Bianca was a contradiction. She was in one a tender young woman, almost overwhelmingly innocent and sweet. In the other, she possessed the masterful elegance of a woman, and an intelligence that comes only through experience. She concealed her bruised heart well, and all the while entertained her admiring company as if she carried in her no dark secrets. So skilled was she at her own illusion that no one but me could see through the layers of mask that she wore. Though her company and conversation welcomed the company of countless men, she let no one behind the mask but me, and then later Amadeo.
I understand that she did so because she could sense that I too held within me my own dark secrets, and in our deception there was a comforting kinship.
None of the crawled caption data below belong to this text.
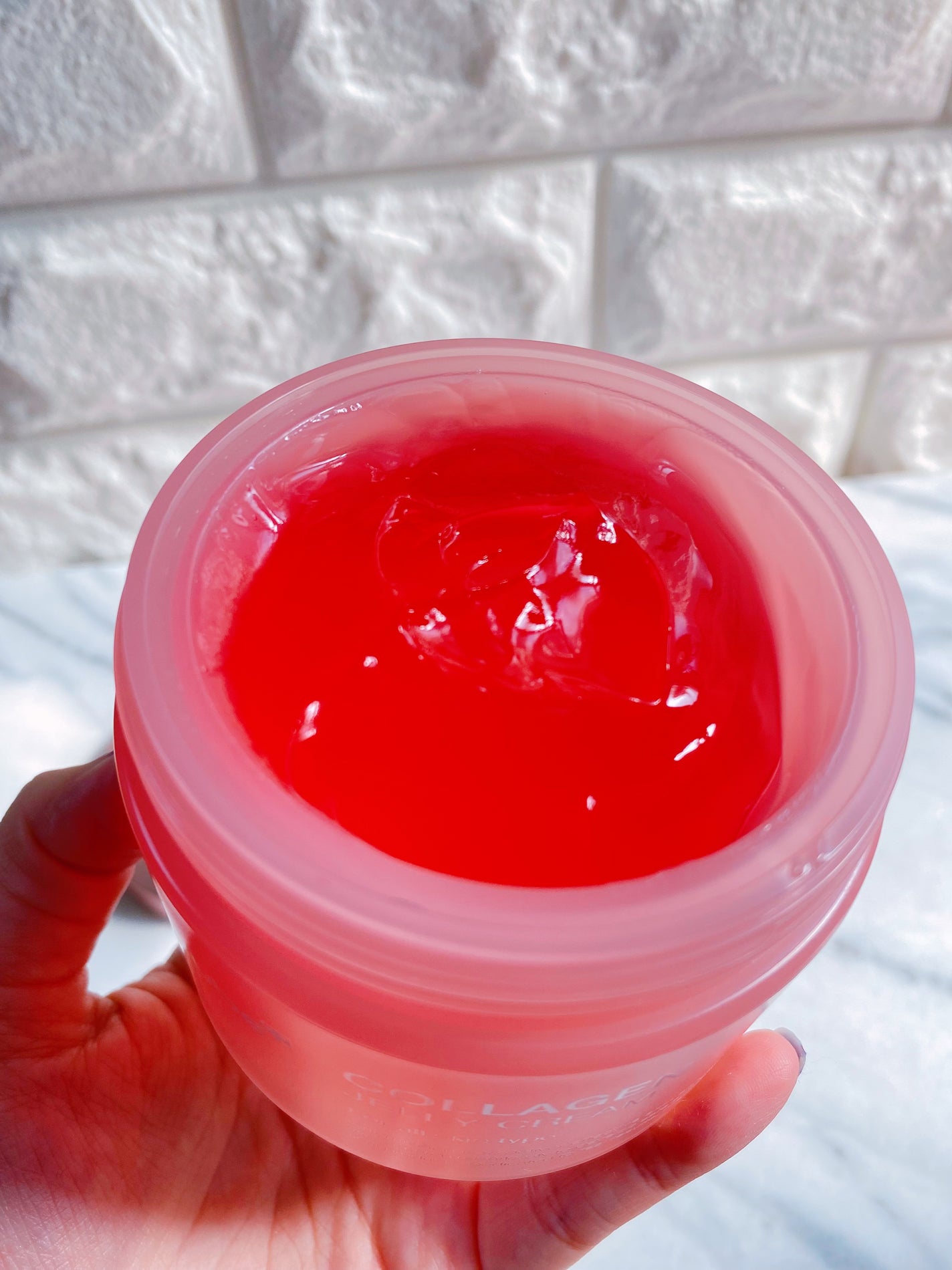 もち肌コラーゲンセラム3.0/MEDICUBE/美容液を使ったクチコミ(8枚目)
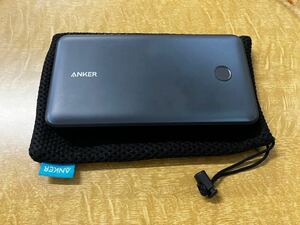 Anker 537 Power Bank (24,000mAh, 65W)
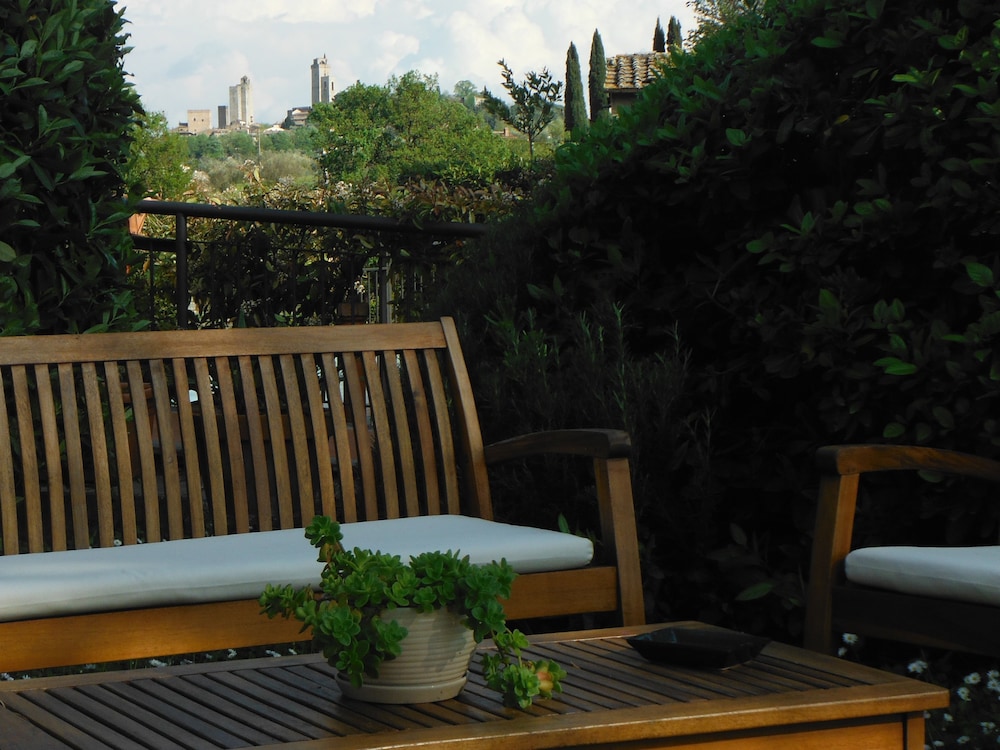 Foto - Hotel San Michele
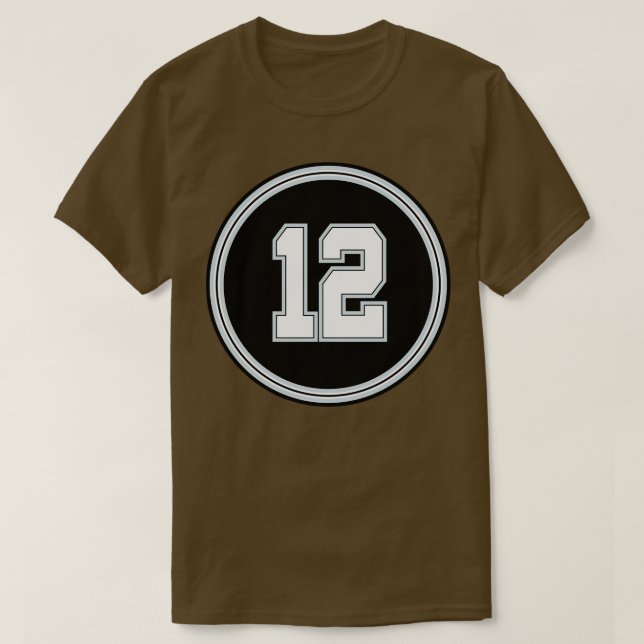 Bruce Bowen TShirt T Shirt (Design framsida)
It was only to someone with a soul so much like my own that I could grow close to. It had been centuries since I had truly felt love for another. Indeed, I might have even loved her from mere word alone long before I even came to know her name. And, by no real charm on my part, she began to love me in return. Together we were both masters of our deadly secrets.
I know that it was true and sincere love that we felt. Bianca loved me as a monster and as a man, though of course the two have never been separate. She adored my extravagant nature. She knew how to calm my anger. Even when my beloved Bianca could not kiss me, could not touch me, she remained by my side as devoted as ever. And when she could, Bianca pressed her beautiful and unstained lips to my burnt flesh with nothing but complete love and passion. Underneath the seeming fickleness of youth and beauty she had within her a fierce and unconditional love for me.
I have never in my life been able to speak to anyone as honestly and as openly as I did her. The sweetness in her heart and the love in her eyes broke all barriers that I had kept between me and others, even Pandora who has always judged me harshly. Impassable walls seemed superficial things when her smiles brought me so much comfort. My words and stories charmed her so completely that I wanted to give her every memory of mine just to see her dazzle the room with another smile. I needed them.
Our parting remains one of my deepest regrets, for I understand with the wisdom of hindsight that she was true to me. I know how I wronged her.
Even now I wonder if she thinks about me and if she replays all of my mistakes and sins against her in her thoughts. I wonder, too, if that is what keeps us apart. It was not my intention to ever hurt her, but in pain I was selfish and thoughtless. I do hope to find her willing to listen and talk with me some night, and perhaps have her put peace into my own guilty yet redeemable heart.